____ Material provided
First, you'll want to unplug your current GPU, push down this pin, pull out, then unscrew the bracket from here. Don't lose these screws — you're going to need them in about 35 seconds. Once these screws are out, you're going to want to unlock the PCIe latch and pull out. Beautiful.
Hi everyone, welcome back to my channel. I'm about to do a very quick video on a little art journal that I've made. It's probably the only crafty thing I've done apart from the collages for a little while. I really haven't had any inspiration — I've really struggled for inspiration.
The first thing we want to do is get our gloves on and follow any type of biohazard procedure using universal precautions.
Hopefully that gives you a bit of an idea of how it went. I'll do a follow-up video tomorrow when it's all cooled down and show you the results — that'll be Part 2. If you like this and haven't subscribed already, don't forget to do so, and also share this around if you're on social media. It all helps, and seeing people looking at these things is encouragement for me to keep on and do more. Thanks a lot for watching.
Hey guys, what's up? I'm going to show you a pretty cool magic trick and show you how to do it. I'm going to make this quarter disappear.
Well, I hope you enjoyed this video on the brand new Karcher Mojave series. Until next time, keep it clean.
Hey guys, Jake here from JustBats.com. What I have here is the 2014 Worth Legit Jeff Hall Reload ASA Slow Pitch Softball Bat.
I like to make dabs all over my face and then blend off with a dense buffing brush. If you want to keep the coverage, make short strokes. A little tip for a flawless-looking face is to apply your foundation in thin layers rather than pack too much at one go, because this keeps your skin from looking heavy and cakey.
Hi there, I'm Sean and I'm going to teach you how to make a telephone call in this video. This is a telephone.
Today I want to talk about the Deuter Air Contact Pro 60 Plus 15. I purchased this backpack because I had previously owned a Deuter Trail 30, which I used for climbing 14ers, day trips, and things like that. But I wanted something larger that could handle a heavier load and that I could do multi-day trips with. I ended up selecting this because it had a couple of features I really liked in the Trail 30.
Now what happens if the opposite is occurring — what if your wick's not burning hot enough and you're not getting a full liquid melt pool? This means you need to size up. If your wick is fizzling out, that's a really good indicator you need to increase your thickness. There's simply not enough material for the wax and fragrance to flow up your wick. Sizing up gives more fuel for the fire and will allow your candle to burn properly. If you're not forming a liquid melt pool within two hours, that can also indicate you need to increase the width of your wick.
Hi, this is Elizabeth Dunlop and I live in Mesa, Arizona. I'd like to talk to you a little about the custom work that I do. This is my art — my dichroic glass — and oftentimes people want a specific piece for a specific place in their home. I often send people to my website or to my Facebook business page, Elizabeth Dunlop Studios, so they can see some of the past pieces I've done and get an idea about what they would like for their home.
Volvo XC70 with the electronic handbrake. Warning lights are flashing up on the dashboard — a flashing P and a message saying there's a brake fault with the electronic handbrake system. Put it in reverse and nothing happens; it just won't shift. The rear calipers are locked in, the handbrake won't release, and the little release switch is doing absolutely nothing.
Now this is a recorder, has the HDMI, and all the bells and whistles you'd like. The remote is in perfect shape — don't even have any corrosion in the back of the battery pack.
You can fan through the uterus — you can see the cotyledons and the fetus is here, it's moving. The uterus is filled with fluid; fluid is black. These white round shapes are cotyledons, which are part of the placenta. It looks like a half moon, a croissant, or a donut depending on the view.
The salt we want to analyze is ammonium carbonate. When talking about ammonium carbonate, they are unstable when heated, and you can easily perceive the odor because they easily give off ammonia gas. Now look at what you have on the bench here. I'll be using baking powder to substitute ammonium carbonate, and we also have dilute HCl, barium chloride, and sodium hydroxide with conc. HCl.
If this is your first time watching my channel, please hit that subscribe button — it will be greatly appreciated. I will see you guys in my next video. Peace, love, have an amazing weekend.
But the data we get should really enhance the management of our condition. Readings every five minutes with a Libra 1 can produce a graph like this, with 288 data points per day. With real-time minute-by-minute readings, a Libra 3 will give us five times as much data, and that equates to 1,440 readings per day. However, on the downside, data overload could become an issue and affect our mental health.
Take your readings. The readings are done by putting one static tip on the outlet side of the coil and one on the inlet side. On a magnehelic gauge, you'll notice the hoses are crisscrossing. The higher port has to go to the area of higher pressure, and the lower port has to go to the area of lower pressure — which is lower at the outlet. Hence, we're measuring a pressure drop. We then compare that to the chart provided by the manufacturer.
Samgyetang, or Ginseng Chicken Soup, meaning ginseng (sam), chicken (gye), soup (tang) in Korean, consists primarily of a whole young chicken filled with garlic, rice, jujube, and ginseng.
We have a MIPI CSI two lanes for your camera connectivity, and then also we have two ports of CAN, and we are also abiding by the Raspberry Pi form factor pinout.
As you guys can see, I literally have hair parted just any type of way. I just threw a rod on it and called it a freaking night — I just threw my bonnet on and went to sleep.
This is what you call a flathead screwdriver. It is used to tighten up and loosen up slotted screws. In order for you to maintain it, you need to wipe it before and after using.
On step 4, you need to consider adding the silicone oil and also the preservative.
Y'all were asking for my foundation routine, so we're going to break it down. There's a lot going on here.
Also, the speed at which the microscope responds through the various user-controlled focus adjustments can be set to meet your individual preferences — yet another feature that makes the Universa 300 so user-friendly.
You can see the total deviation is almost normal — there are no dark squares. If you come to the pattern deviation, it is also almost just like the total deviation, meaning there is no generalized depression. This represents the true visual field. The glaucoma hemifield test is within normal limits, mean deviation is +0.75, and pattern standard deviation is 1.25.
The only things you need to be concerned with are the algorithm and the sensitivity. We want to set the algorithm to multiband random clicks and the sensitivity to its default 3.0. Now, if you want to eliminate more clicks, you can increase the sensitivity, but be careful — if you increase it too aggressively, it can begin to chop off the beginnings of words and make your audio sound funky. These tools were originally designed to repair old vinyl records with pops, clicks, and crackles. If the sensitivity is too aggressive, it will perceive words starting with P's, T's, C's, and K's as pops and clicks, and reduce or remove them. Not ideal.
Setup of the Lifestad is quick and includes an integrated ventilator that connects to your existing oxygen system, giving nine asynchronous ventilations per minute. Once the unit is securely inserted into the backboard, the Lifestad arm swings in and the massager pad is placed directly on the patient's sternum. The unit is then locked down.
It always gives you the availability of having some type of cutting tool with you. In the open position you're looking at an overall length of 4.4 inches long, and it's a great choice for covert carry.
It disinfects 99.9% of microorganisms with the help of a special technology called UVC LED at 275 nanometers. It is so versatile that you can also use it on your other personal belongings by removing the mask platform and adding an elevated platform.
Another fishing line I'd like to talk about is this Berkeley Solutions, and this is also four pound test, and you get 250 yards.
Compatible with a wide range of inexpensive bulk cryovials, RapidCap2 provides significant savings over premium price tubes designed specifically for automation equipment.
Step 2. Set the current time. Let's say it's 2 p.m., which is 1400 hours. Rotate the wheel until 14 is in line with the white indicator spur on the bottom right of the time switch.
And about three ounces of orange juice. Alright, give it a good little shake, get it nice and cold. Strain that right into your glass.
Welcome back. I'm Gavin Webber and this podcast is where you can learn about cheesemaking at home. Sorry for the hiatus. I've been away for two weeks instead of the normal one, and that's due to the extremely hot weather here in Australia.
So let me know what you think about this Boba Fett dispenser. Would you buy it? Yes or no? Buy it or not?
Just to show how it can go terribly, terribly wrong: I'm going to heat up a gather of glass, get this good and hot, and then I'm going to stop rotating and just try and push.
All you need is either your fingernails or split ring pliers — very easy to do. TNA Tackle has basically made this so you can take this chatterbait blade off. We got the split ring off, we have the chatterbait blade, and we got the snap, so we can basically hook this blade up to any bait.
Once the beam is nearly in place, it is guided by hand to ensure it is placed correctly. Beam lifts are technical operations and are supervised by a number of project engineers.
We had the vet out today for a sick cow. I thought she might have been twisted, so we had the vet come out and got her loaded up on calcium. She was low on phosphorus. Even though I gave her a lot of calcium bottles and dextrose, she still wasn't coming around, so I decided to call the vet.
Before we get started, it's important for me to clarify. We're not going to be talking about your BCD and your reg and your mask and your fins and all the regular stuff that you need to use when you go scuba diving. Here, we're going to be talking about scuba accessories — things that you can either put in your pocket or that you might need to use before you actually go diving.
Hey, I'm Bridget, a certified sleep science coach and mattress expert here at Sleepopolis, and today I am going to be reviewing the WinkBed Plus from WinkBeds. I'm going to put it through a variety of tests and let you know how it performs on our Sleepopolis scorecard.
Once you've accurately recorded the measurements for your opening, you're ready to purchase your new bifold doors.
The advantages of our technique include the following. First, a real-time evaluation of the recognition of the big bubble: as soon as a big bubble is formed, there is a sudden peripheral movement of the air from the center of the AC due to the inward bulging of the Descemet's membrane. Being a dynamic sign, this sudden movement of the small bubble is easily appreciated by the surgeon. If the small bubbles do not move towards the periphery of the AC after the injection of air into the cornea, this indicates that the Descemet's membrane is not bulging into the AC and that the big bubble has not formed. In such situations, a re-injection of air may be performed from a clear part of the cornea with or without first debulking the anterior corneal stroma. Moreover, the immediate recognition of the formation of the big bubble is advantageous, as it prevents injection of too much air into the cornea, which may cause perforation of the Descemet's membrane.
________
Up to and including the line with "Hi everyone, welcome", restate the records above word for word from the very first line.

First, you'll want to unplug your current GPU, push down this pin, pull out, then unscrew the bracket from here. Don't lose these screws — you're going to need them in about 35 seconds. Once these screws are out, you're going to want to unlock the PCIe latch and pull out. Beautiful.
Hi everyone, welcome back to my channel. I'm about to do a very quick video on a little art journal that I've made. It's probably the only crafty thing I've done apart from the collages for a little while. I really haven't had any inspiration — I've really struggled for inspiration.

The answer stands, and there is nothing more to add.